[Sigia-l] FW: Understanding Business Impacts of Web Systems Prototypes
Listera
listera at rcn.com
Tue Jul 22 22:01:17 EDT 2003
"Eric Scheid" wrote:
> So, could you give that paper a butcher's and supply a precis to the list.
> You'll probably (with your experience) see something a casual reader might
> miss.
I spare my butcher's knife for a select few :-) so just a few notes on that
article:
Re: Semantic Web
I'm not enamored of the term. As you might be able to tell :-) I view
self-described data with suspicion. The history of regulated industries
remains a continuing lesson: economic interests usually lead to corruption.
Re: GeoURL
The Internet's DNS brought us a degree of abstraction from geography behind
a simple numbering scheme. Newer infrastructures like Instant Messaging
further abstract that to a truly portable handle. GeoURL is a step in the
opposite direction. Latitude and longitude are static, web info/data seem to
be always in flux, defying time and space. So for general use I don't know
what applications are feasible for GeoURL, which is very much open to
gaming, BTW.
Re: SMBmeta.org
(I have never seen a License/Terms & Conditions statement that was in an
*editable* text field before!

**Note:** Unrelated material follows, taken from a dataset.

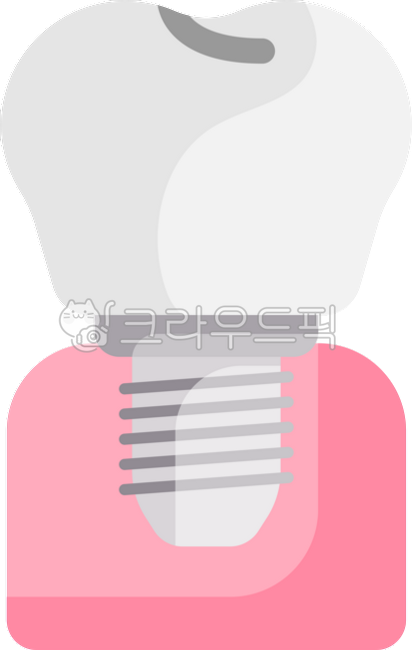 Implant,dentistry,prosthesis,prosthesis,dental,artificial teeth,implant icon,implant illustration,implant clip art,implant logo,implant silhouette,tooth,teeth,oral cavity,screw,gums,plant,implant placement,implant,dental implant,teeth,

Is that an invitation to alter it to your own
satisfaction? :-) Their forms don't work with Safari, so I'll pass.
Re: SMBmeta
SMBs are notoriously uninterested in and clumsy with technology, filling in
online forms accurately is not something they excel at. Maybe better future
on wireless gadgets?
Re: Dublin Core
So why do you think it still lives in perfect obscurity?
Re: RDF
Reality Distortion Field? :-)
Look, I have nothing against "self-describing" metadata schemes. I'm an
advocate of machine-to-machine communication. I love XML and I have written
XML-like data exchange systems long before it was invented. The critical
thing about such schemes is not how clever the specs are but *adoption* on a
mass scale, without which their utility is severely limited.
The obscene proliferation of XML related specs/variants, and the current
miasma over RSS/echo are but two examples of spec wars, however
clever/interesting/capable they may each be. In the end, it all comes down
to adoption and those are often controlled by a few toll-takers.